Anila Andrade, 99Games
This process will be driven by the increasing strength of India's economy in general, which, along with China, is the joint fastest-growing in the world. As the people in the first group Andrade mentions transition to the second group, they will take their powerful enthusiasm for locally produced entertainment with them. What little money most Indians do have, Andrade says, is often spent on movies and music. "Bollywood is massive. It is huge. People save their money so they can attend the first showing of a movie in the theatre."
Could the same apply to gaming? Following the release of Dhoom:3, a mobile game tied to a major Bollywood release, 99Games is certain that it will.

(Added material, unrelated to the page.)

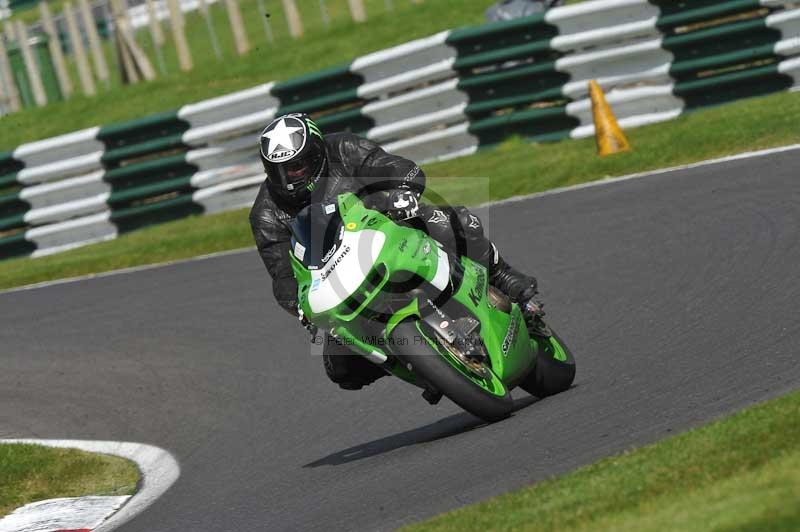 Motorcycle action photographs;Trackday digital images;cadwell;cadwell park photographs;event digital images;eventdigitalimages;motor racing louth lincolnshire;no limits trackdays;peter wileman photography;trackday;trackday photos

Though it was principally monetised through advertising and brand tie-ins rather than the in-app purchases that fuel an international release like Star Chef, Dhoom:3's popularity in terms of downloads has been impossible to ignore.
"We're slowly getting on to designing games for the Indian consumer," Andrade says. "We are here, so we can understand this space better. We know that we won't be able to monetise as well, but Dhoom was an experiment, and that experiment worked very well in our favour. We intend to pursue that."